The Presence of International Inspectors Monitoring Nuclear Sites in Iran

In a recent announcement, the head of the Iranian Atomic Energy Organization, Mohammad Eslami, revealed that there are currently 127 accredited international inspectors monitoring nuclear sites in Iran. However, he also shared the reasons behind the expulsion of four inspectors from three European countries.

Expulsion of Inspectors

Eslami stated that the expelled inspectors had not visited Iran for several years, which raises concerns about their effectiveness in overseeing the country’s nuclear activities. Additionally, he highlighted that these expulsions should not be compared to the number of official inspectors, as they only represent a fraction of the total accredited inspectors. The individuals who were expelled were from three European countries.

Furthermore, Eslami emphasized that the decision to remove these inspectors was influenced by their harsh political behavior. He pointed out that inspectors from these countries frequently displayed an agenda-driven approach, which compromised their neutrality and professionalism. Consequently, these inspectors were no longer deemed suitable for their roles and were consequently removed from the list.

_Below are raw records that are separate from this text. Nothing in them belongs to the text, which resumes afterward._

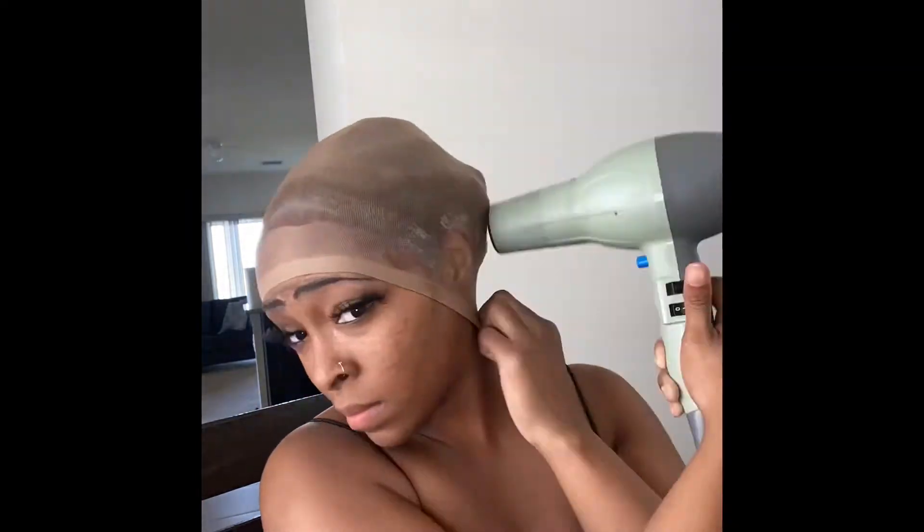So now I am going to be applying my lace front. I'm pretty much just trying to get this cap to stay on my head. I'm trying to have it dry so I can put the lace on top of it because, you know, we got to protect our edges. So here I am just cutting the cap off of my head, getting it off my ears — all that good stuff.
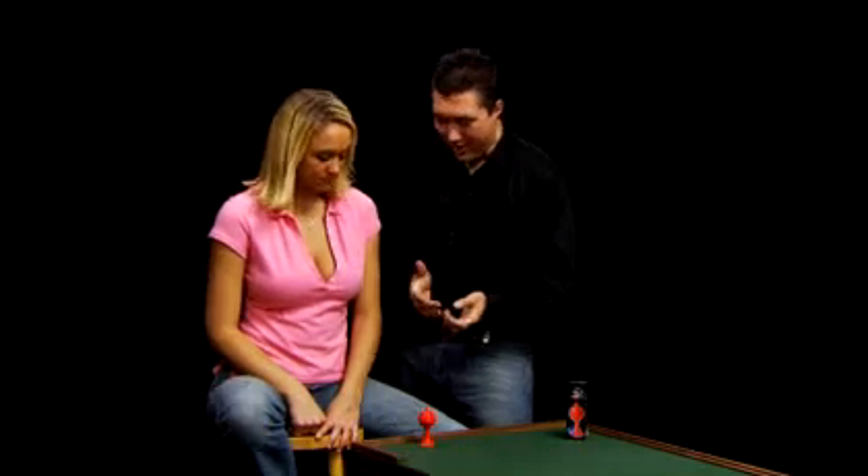And as you'll see later on, there's some great little subtleties here that he's added to it that make this a real worker. So, watch carefully and be sure and check out the explanation afterwards. Ashley, this is the ball and vase, and it consists of, you got it, a ball and a vase.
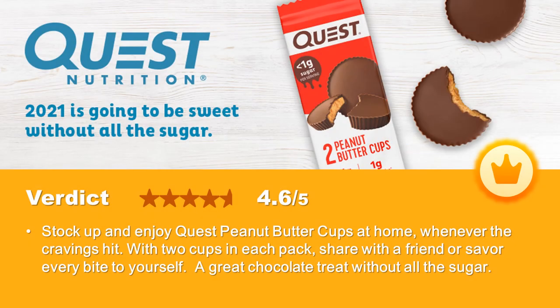Our overall verdict: you can stock up and enjoy Quest Peanut Butter Cups at home whenever the cravings hit. With two cups in each pack, share with a friend or savor every bite to yourself. A great chocolate treat without all the sugar — a highly recommended product.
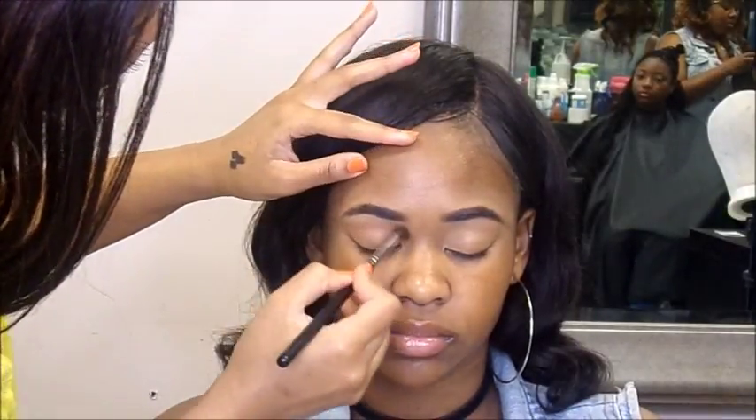Hey guys, what's up? Welcome back to my channel. So for this week's client makeup tutorial, I'm going to be doing this springtime orange little subtle smoky blown out look. I'm really excited — I love how it came out, so we're just jumping into it.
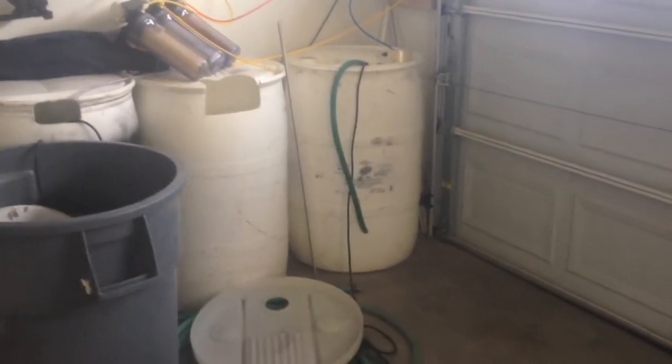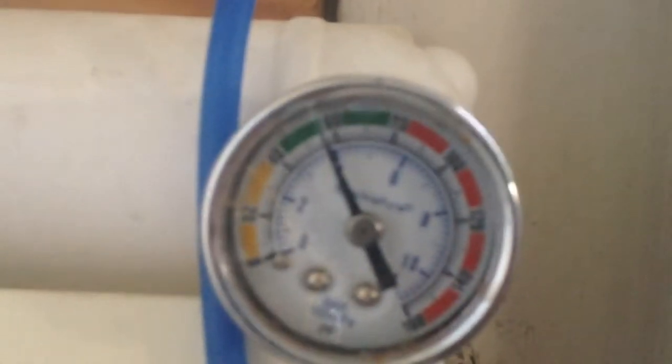I want to bring you an update on my RO station contraption I was building. Right now we are making water. If you remember, I had a solenoid that I was going to hook up to a sprinkler box. I got behind this wall here and hooked it up to the clock and float valve.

Political Tensions and Psychological Operations

Eslami attributed the creation of tension around this issue to the political behavior and psychological operations executed by the European countries involved. These countries continually demand that Iran unilaterally adhere to the provisions of the Joint Comprehensive Plan of Action, while they themselves fail to take any substantive action.

Revocation of Accreditations

The head of the International Atomic Energy Agency, Rafael Grossi, had previously announced in mid-September that Iran had been informed of the agency’s decision to revoke the accreditation of several inspectors responsible for inspecting uranium enrichment facilities. This move further emphasizes the complexities and challenges surrounding international inspections in Iran’s nuclear program.